## Problem statement
Your output should repeat the entries below exactly. It should contain no images.

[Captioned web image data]
——————————

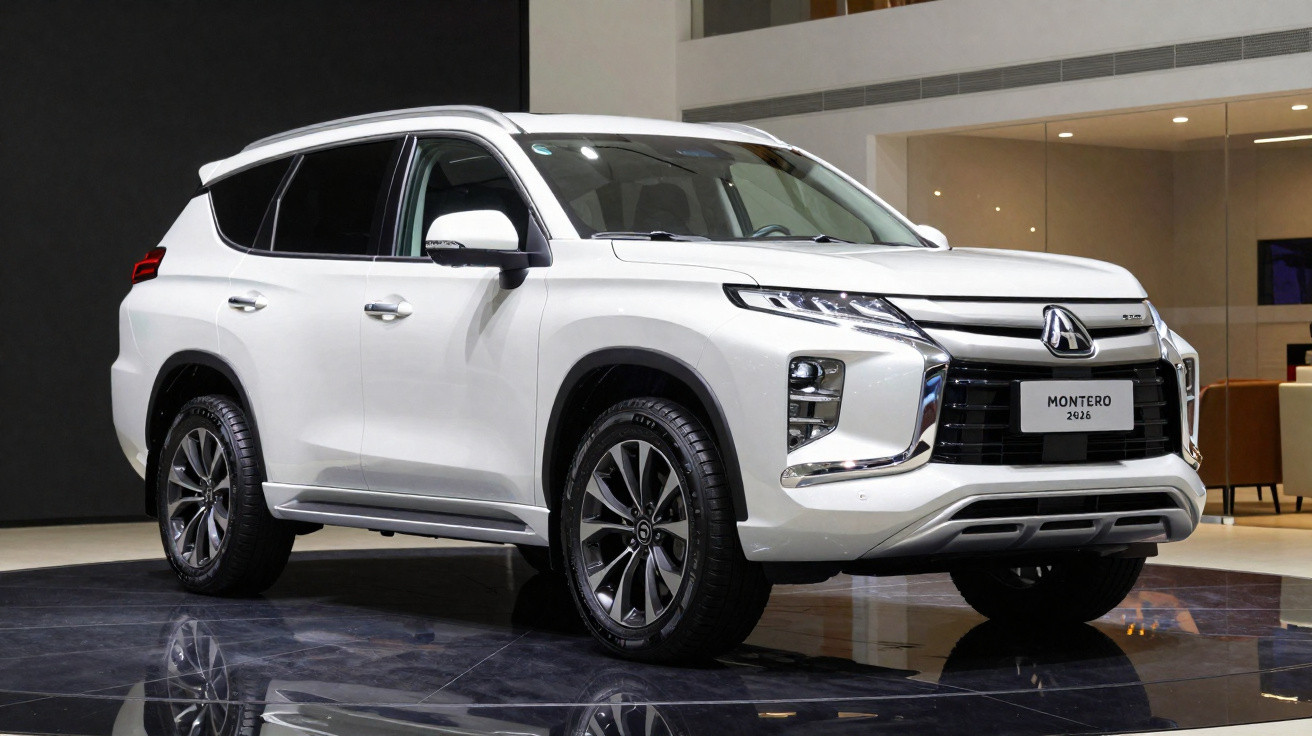 SUV branco Mitsubishi Montero 2024 estacionado em ambiente interior moderno e iluminado.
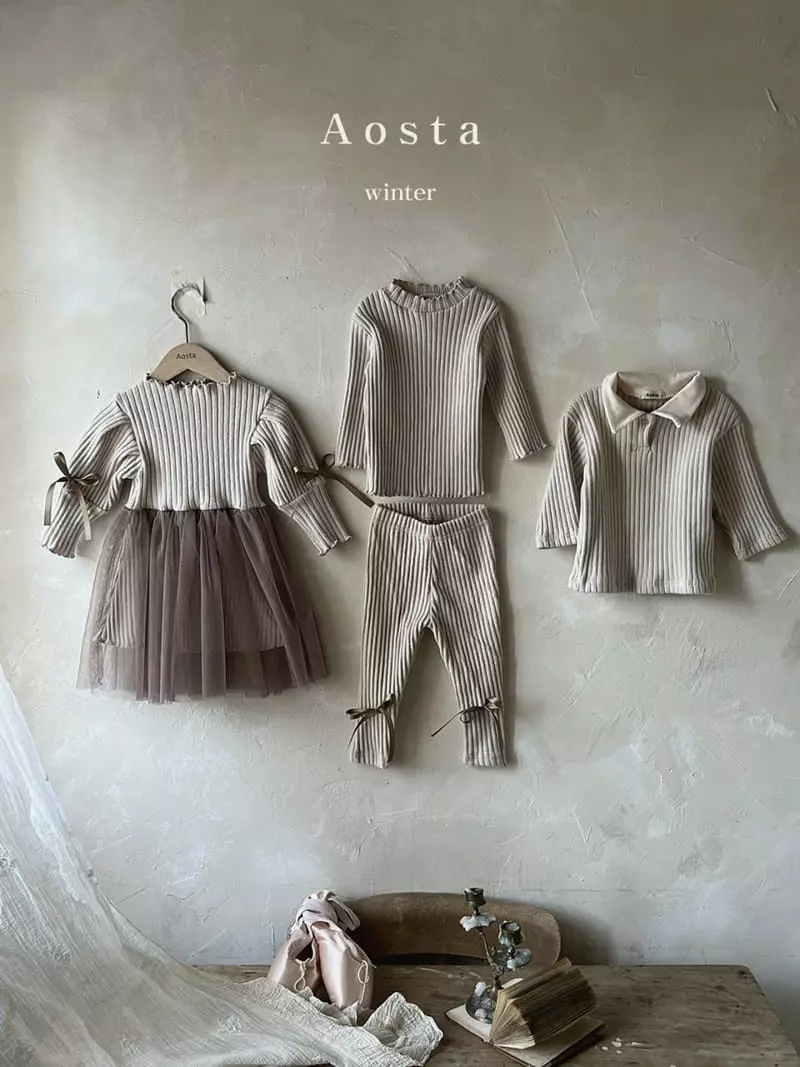 Aosta - Korean Children Fashion - #kidsstore - Rib Collar Tee - 9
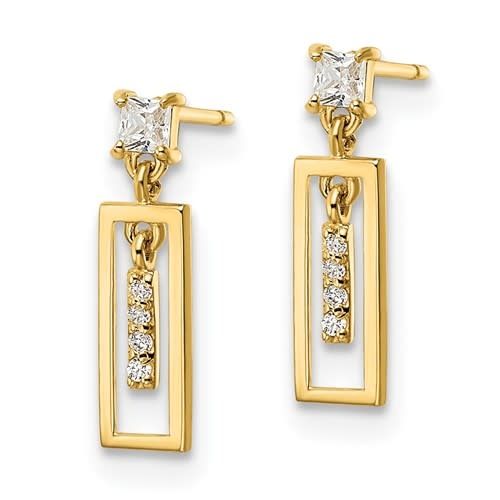 14K Y/G CZ Dangle Earrings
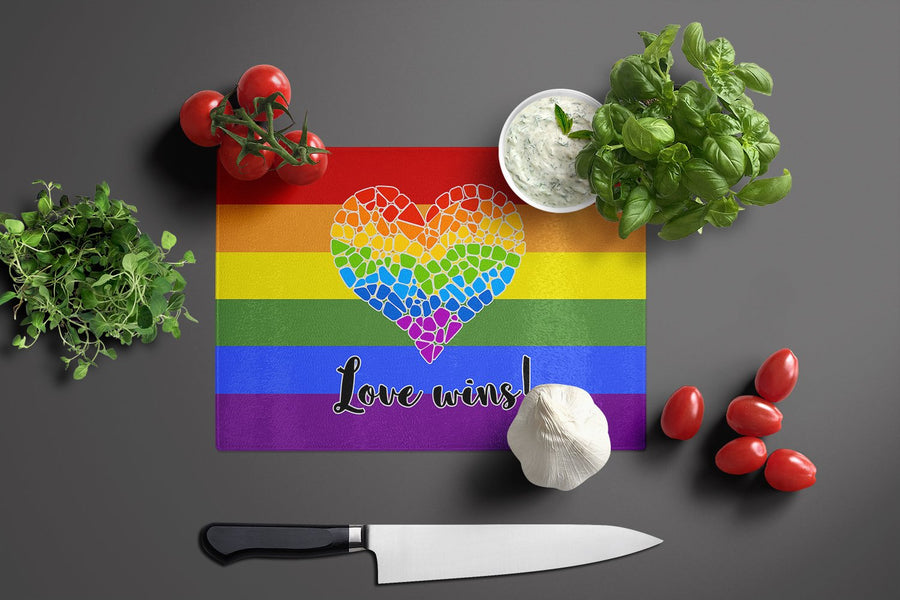 Gay Pride Love Wins Mosaic Heart Glass Cutting Boards – Durable, Decorative Kitchen Art Large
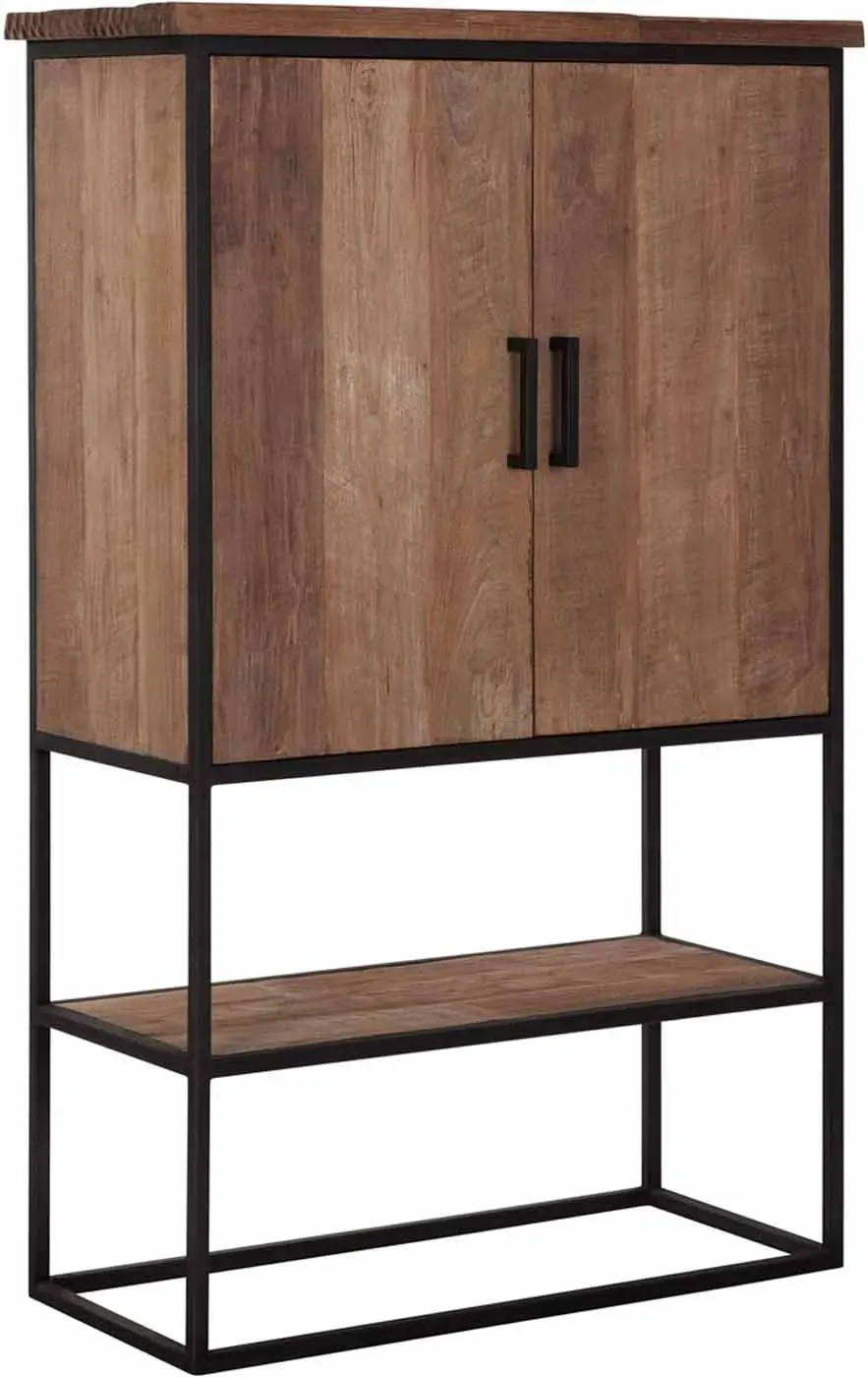 Schrank Beam aus Teakholz, Industrial Design mit 2 Türen, Natur, Metallgestell, 90x40x140 cm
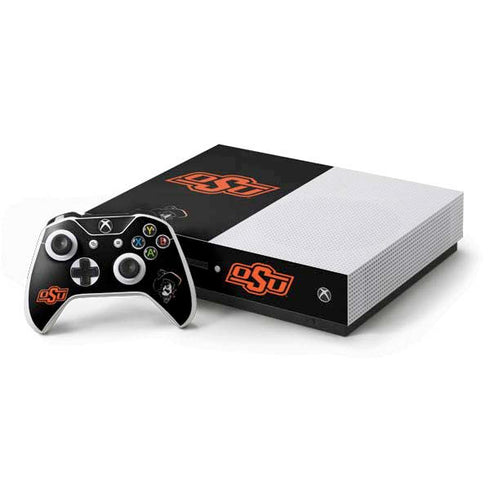 Oklahoma State University OSU on Black Xbox One S Console and Controller Bundle Skin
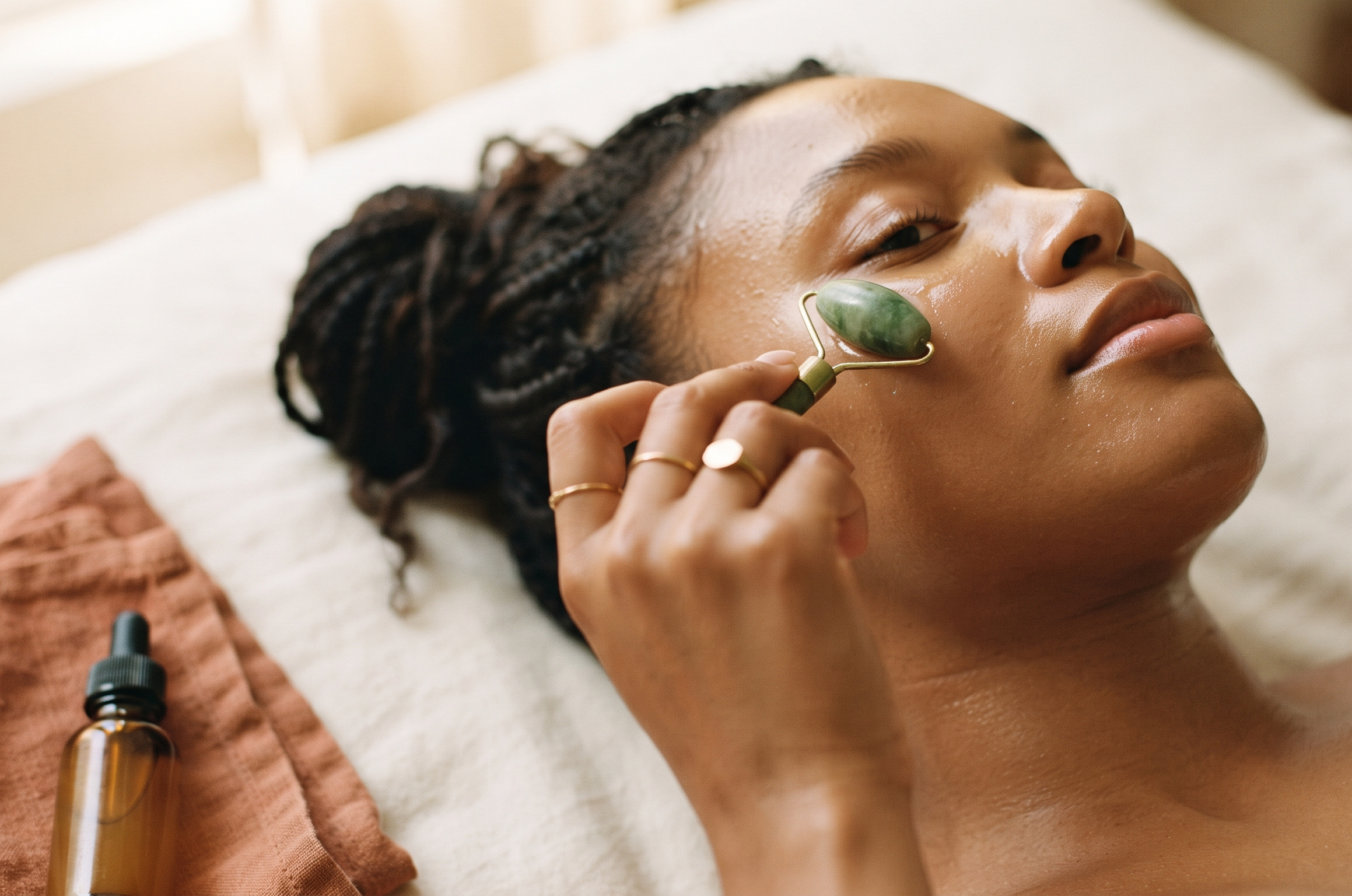Esteticista atendendo uma cliente em ambiente acolhedor de clínica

——————————

## Completed exercise
 SUV branco Mitsubishi Montero 2024 estacionado em ambiente interior moderno e iluminado.
 Aosta - Korean Children Fashion - #kidsstore - Rib Collar Tee - 9
 14K Y/G CZ Dangle Earrings
 Gay Pride Love Wins Mosaic Heart Glass Cutting Boards – Durable, Decorative Kitchen Art Large
 Schrank Beam aus Teakholz, Industrial Design mit 2 Türen, Natur, Metallgestell, 90x40x140 cm
 Oklahoma State University OSU on Black Xbox One S Console and Controller Bundle Skin
Esteticista atendendo uma cliente em ambiente acolhedor de clínica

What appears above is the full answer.